Symphony Church Connection Card Data

analysis

Importing modules

First, we need to import modules that we're going to need. Here, I may use numpy, pandas, and matplotlib.

In [1]:
# "as" is useful so that we can just call type "np" to use this module instead of typing numpy
import numpy as np
import pandas as pd
import matplotlib.pyplot as plt
# This allows us to plot things in the notebook directly.
%matplotlib inline

Importing data

There are many ways to import data. However, for data analysis, importing data as pandas's DataFrame structure is probably most useful.
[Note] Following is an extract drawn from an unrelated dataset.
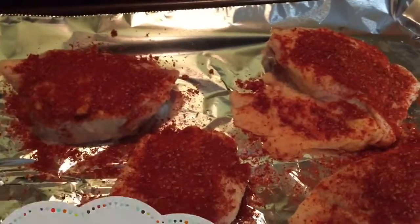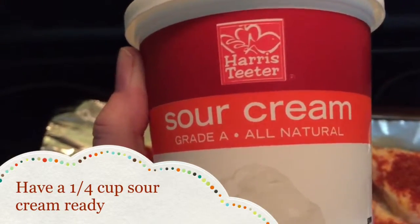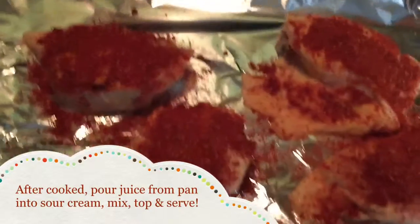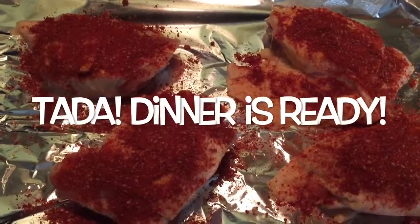While it's cooking, have a quarter cup of sour cream ready. When it's done, take the juices that come off of those chicken thighs, pour it into the quarter cup of sour cream and you'll have a gravy ready to go. Quick, easy, low carb and delicious.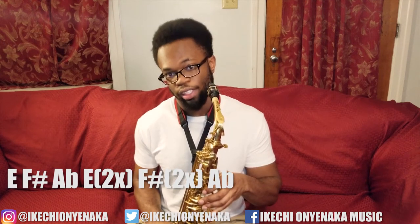The next set of notes is a little bit different. This next time you're going to do E, F-sharp, A-flat twice, E twice, F-sharp twice, A-flat.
It's pretty good at importing the columns into correct data types. I use read_csv command available from pandas module. Data has already been cleaned to remove any error messages, fix typos in the data, and make data type consistent for each column. Identifiable personal information also have been removed.

In [2]:
# Make sure data.csv file is in the same folder
data = pd.read_csv('data.csv')
In [3]:
# We can now look at the data that's been imported.  .head() function on a pd.DataFrame shows first five rows.
data.head()
Out[3]:
id alumni birthday city state zipcode life_stage grad_year first_sunday_id second_sunday_id ... sunday_id commit_life family_group_interest member_interest serving_interest baptism_interest alpha_interest growth_module_interest service_site sunday
0 1 1.0 1989 Boston MA 2215 young_adult 2012 NaN NaN ... 3 NaN NaN NaN NaN NaN NaN NaN NaN 1/15/12
1 1 1.0 1989 Boston MA 2215 young_adult 2012 NaN NaN ... 4 NaN NaN NaN NaN NaN NaN NaN NaN 1/22/12
2 1 1.0 1989 Boston MA 2215 young_adult 2012 NaN NaN ... 5 NaN NaN NaN NaN NaN NaN NaN NaN 2/5/12
3 1 1.0 1989 Boston MA 2215 young_adult 2012 NaN NaN ... 7 NaN NaN NaN NaN NaN NaN NaN NaN 2/19/12
4 1 1.0 1989 Boston MA 2215 young_adult 2012 NaN NaN ... 8 NaN NaN NaN NaN NaN NaN NaN NaN 2/26/12

5 rows × 21 columns

Visualize

Now that we have imported the data succesfully, we can visualize some simple data.

Attendance by Sunday

First, let's look at number of connection cards filled out per Sunday. For this visualization, we use barplot, because we're counting by distinct states (Sundays).

In [4]:
'''
I choose to use sunday_id column instead of sunday column,
because sunday_id column is an array of numbers that increase chronologically,
whereas sunday column is an array of strings that loops every year (1/15/2016 is before 3/2/2012).
Then I create a list of strings that correspond to the sunday_id list.
'''
sundays = data.sunday_id
sundays_unique = sorted(set(sundays))
sundays_string = [list(data.sunday[data.sunday_id==i])[0] for i in sundays_unique]
In [5]:
count_sundays = [sum(sundays == i) for i in sundays_unique]
In [6]:
plt.figure(figsize=(15,10))
plt.bar(range(len(sundays_unique)),count_sundays)
ax = plt.gca()
ax.set_xticks(np.arange(0,237,26))
ax.set_xticklabels(np.array(sundays_string)[np.arange(0,237,26)])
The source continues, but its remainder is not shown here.